Heard Smt. B.Mohana Reddy, learned Counsel appearing on behalf of the petitioners and learned Government Pleader appearing on behalf of the respondents.

The fact remains that the detenu is pursuing M.A. He is the resident of New Delhi. If a person is a graduate from Delhi, he would certainly understands Hindi and English, because the said languages are compulsory up to degree. The documents in Crime Nos. 116 of 2016 and 110 of 2016 are case diary Part II wherein statements of witnesses were recorded in Telugu. We find on the top of same cases wherein case number, offences and names of persons whose statements are recorded are mentioned in English. As stated supra, if a person is pursuing M.A. and that too, from Delhi, he would certainly read and understand English and Hindi languages. More over, after receipt of the documents relied upon, the detenu did not raise such issue either before the approving authority, i.e. Government or advisory board stating that he has not been provided with the documents relied upon in the known language.

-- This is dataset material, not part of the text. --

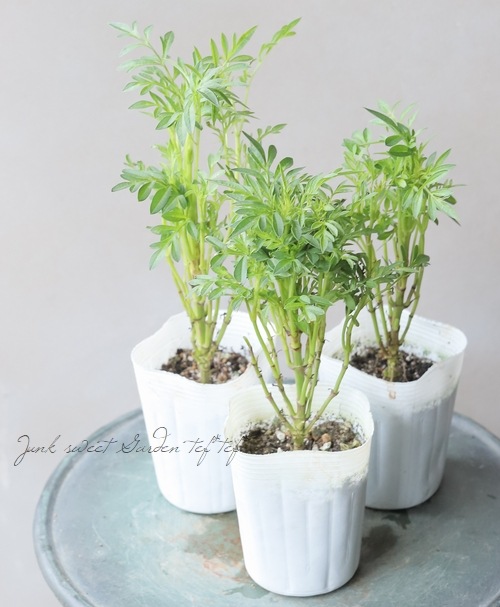 祳졼ȥ⥹֤Ȥܡ椭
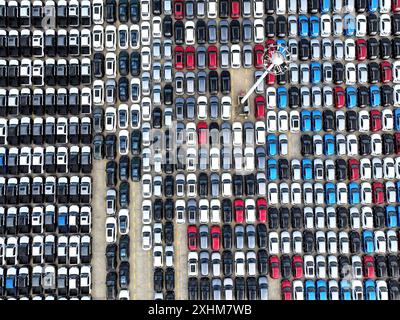 LIANYUNGANG, CHINA - 15. JULI 2024 - Eine große Anzahl von Fahrzeugen wird zum Verladen im Hafen von Lianyungang, Provinz Jiangsu, am 15. Juli 2024 gesammelt. Stockfoto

In the case of E.SUBBULAKSHMI Vs. SECRETARY TO GOVERNMENT and ORS {2016 SCC ONLINE SC 1313}, it was held that relied upon documents must be served to the detenu in his known language. In the said case, the question before the Apex Court was, whether the FIR in Crime No. 598 of 2015 therein furnished to the detenu is a relied upon document or only a referred to document by the detaining authority for arriving at his subjective satisfaction. If it is a relied upon document, issue must be in favour of the detenu. However, in the said case, it was held that subject FIR was only a referred to document in the grounds of detention. Thus it does not affect the detenu to make effective representation before the authority.

In the case on hand, the petitioner indulged in seven property offences; among them, the detaining authority has relied upon only three cases as mentioned supra and the documents relied upon have been supplied to the detenu in the language known to him i.e. English or Hindi.

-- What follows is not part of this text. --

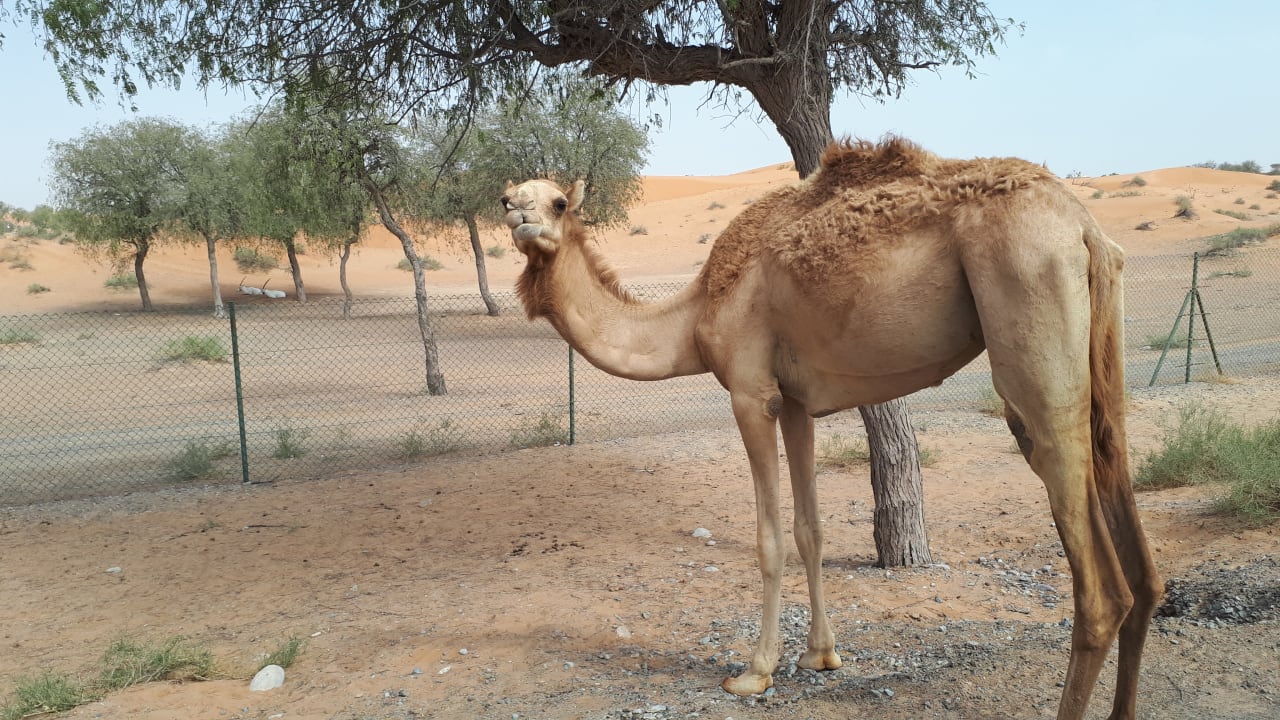 Strand DoubleTree by Hilton Resort & Spa Marjan Island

The modus operandi adopted by the detenu is such that he has been habitually committing the grave and gruesome unlawful activities by diverting attention of ATM users and commits theft of their money. There is huge panic in the minds of people who were scared to make transactions. The detenu used the PIN numbers of different consumers and misappropriated their money from different ATMs. Thus the detenu indulged in several offences by diverting the attention of ATM users and committed theft of their money in the limits of Hyderabad Police Commissionerate. In the present era, a large section of account holders of the society are using the ATM facility. The persons who are cheated certainly made hue and cry before the Banks, police and media through which other users were also become scared due to panic and fear. It amounts to disturbance to public order.

More over, the detenu committed theft through various ATMs situated at different places. Thus, fear and panic were spread to large groups of ATM users. Accordingly the offences committed by the petitioners fell under the purview of Section 2 (g) of the Act. For the foregoing discussion, we find no valid ground to set aside the detention orders. Accordingly the Writ Petitions are dismissed.

Miscellaneous petitions pending consideration if any in the Writ Petitions shall stand closed in consequence. No order as to costs.